Task to carry out:
With the pictures left out, please write out exactly each line from the one containing "CELIMAX Pore Dark" through the end of the material.

--- START ---

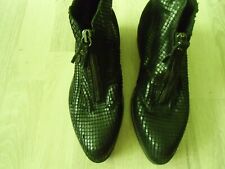 Damen schuhe lilimill gebraucht kaufen  Grabow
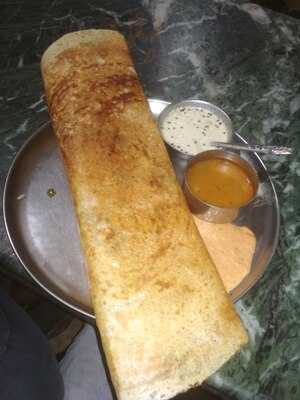 Hind Tiffin Restaurant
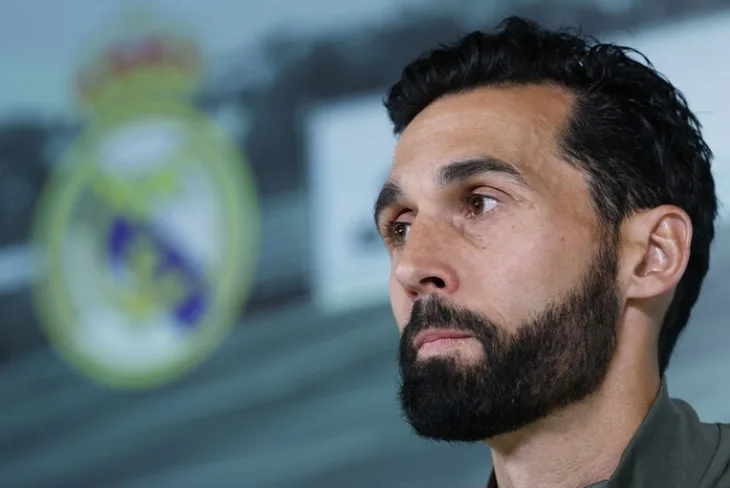 Alvaro Arbeola
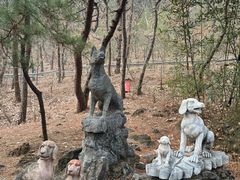 -红螺寺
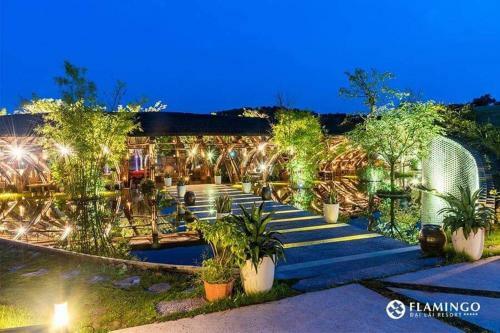 Flamingo Dailai - Hq Villa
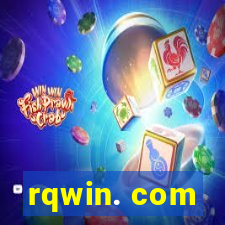 rqwin. com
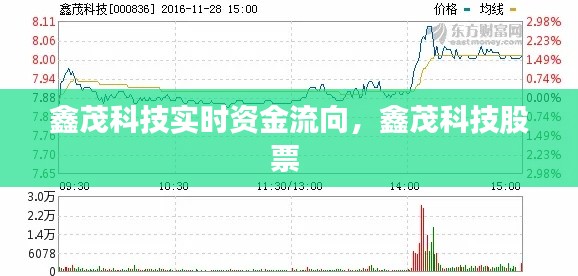 鑫茂科技實時資金流向，鑫茂科技股票 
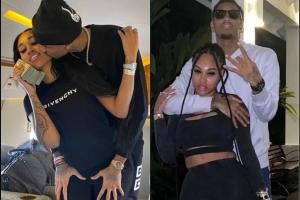 貪圖玩樂不管孩子？網(wǎng)友曬D-穆雷女友在夜店大秀不雅抖臀舞??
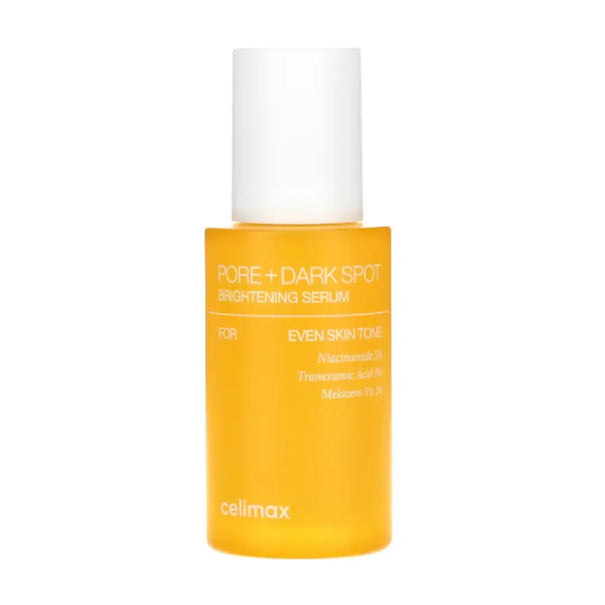 CELIMAX Pore Dark Spot Brightening Serum Celimax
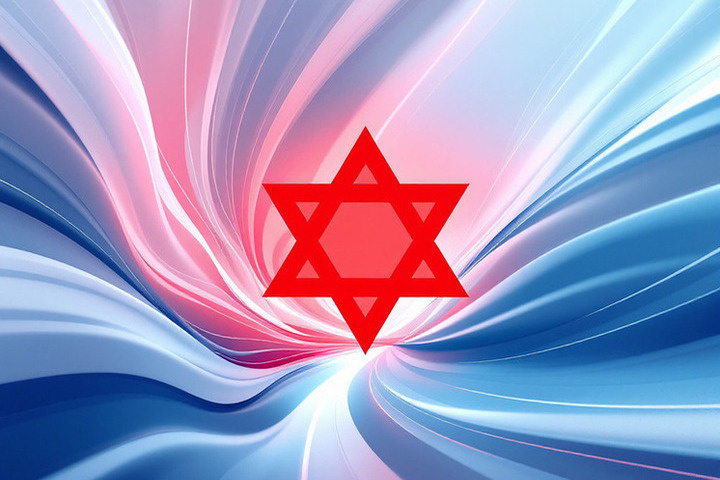 Израильтянка напала на министра нацбезопасности Итамару Бен Гвиру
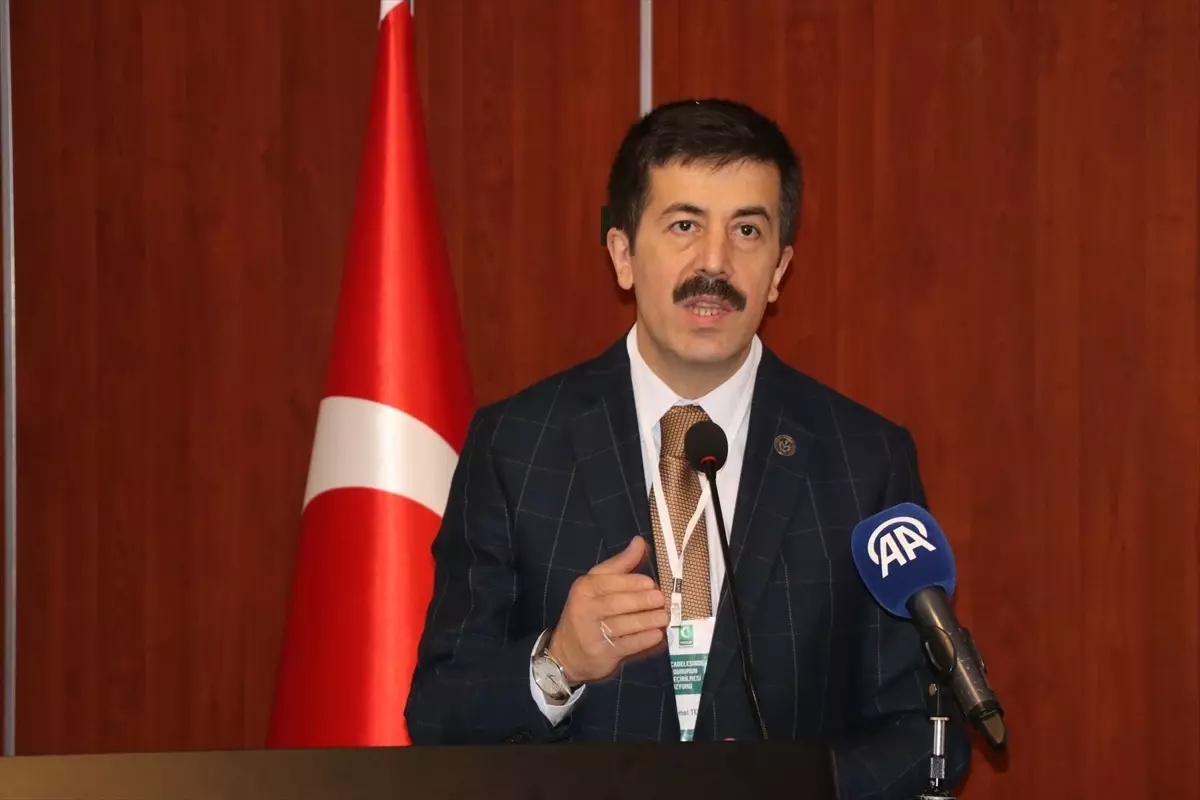 Tütün Mücadelesi Sempozyumu Kütahya'da Gerçekleşti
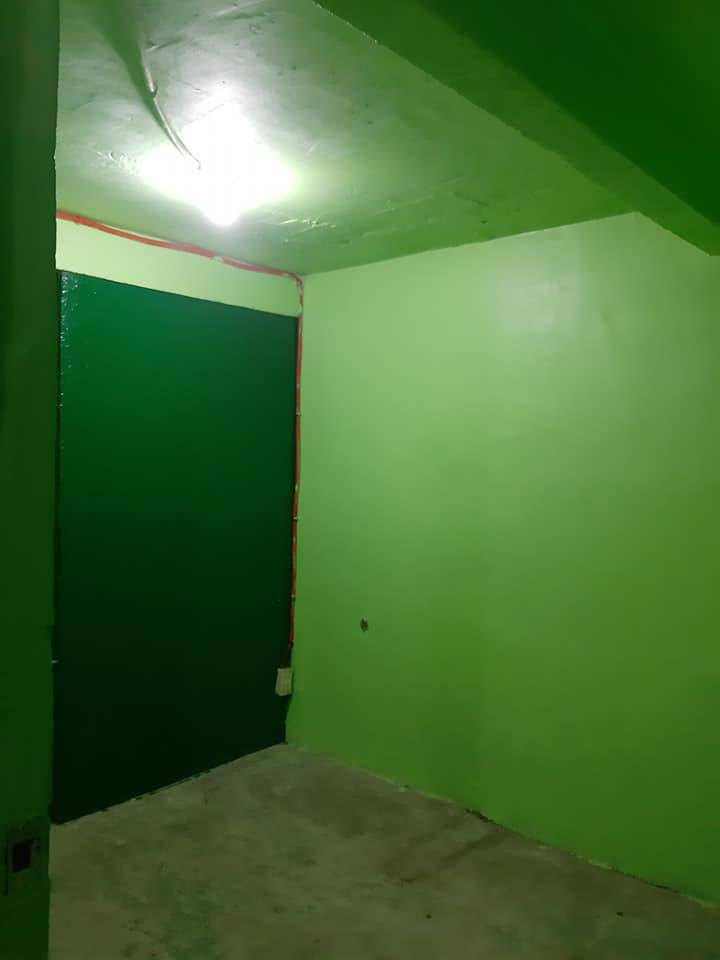 Room For Rent In Masville Bf Homes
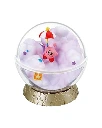 Kirby Terrarium The Fountain of Dreams Clouds.webp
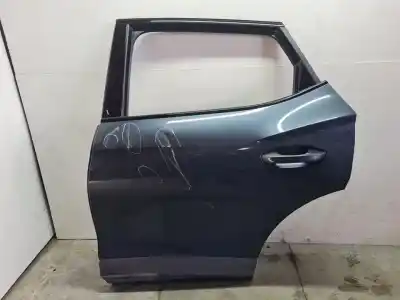 Second-hand car spare part REAR LEFT DOOR for CUPRA FORMENTOR  OEM IAM references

--- END ---

Task result:
 CELIMAX Pore Dark Spot Brightening Serum Celimax
 Израильтянка напала на министра нацбезопасности Итамару Бен Гвиру
 Tütün Mücadelesi Sempozyumu Kütahya'da Gerçekleşti
 Room For Rent In Masville Bf Homes
 Kirby Terrarium The Fountain of Dreams Clouds.webp
 Second-hand car spare part REAR LEFT DOOR for CUPRA FORMENTOR  OEM IAM references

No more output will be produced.